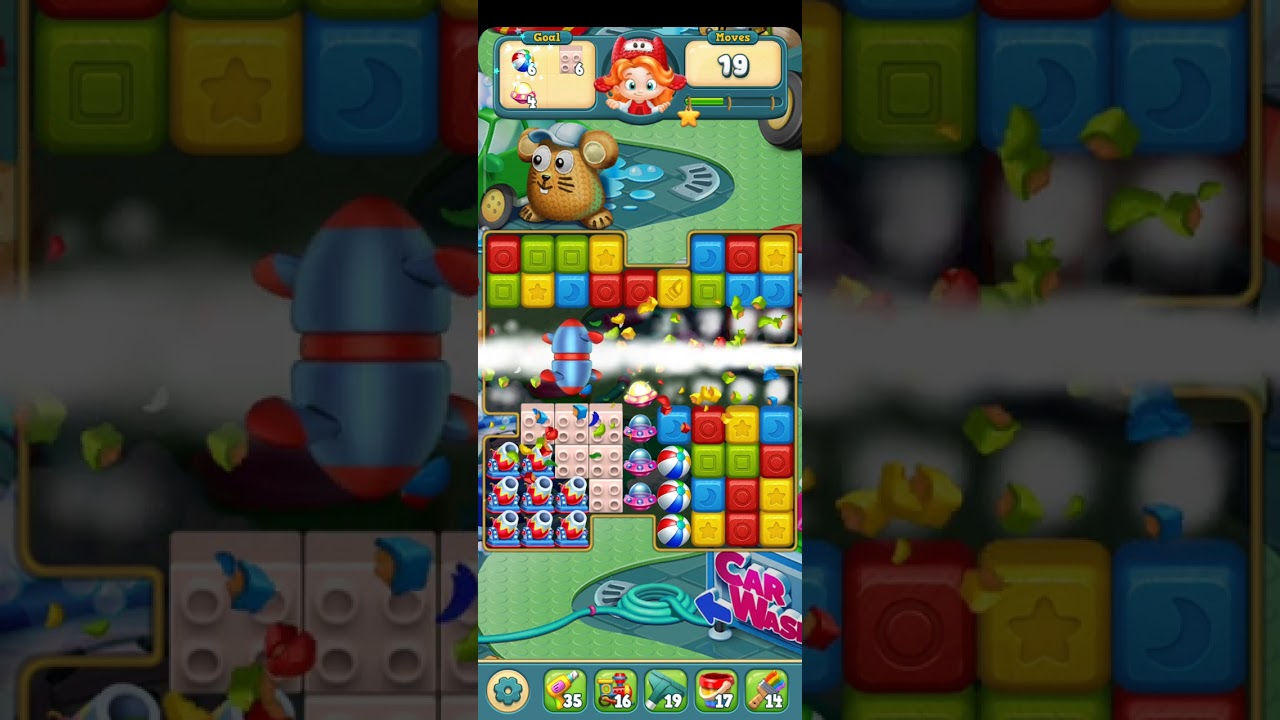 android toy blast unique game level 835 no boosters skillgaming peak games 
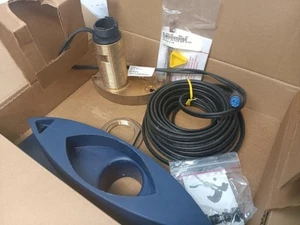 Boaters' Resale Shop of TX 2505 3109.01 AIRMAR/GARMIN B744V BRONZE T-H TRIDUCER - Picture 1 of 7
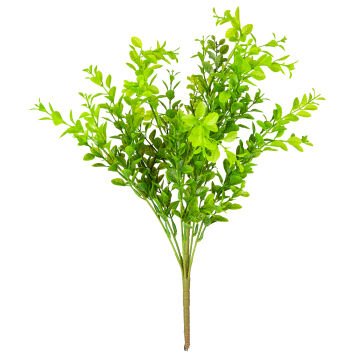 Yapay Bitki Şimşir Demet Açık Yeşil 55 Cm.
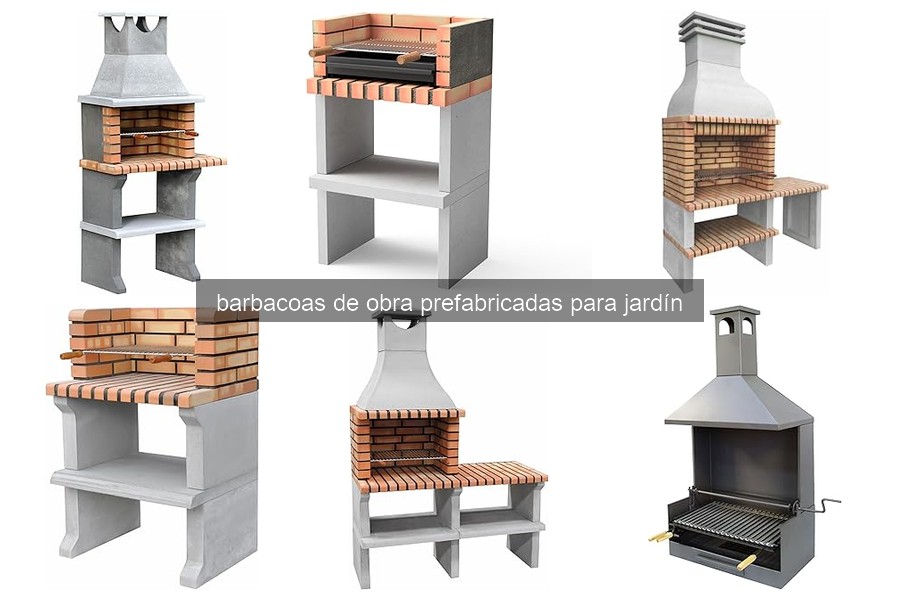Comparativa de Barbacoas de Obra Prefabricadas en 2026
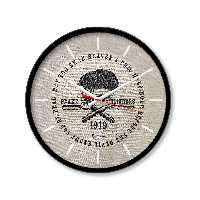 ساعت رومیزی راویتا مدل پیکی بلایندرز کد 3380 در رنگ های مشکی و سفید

+ + + + + + +

Exercise directions →
Once the pictures are set aside, repeat the data above exactly as written.

Worked solution →
 android toy blast unique game level 835 no boosters skillgaming peak games 
 Boaters' Resale Shop of TX 2505 3109.01 AIRMAR/GARMIN B744V BRONZE T-H TRIDUCER - Picture 1 of 7
 Yapay Bitki Şimşir Demet Açık Yeşil 55 Cm.
Comparativa de Barbacoas de Obra Prefabricadas en 2026
 ساعت رومیزی راویتا مدل پیکی بلایندرز کد 3380 در رنگ های مشکی و سفید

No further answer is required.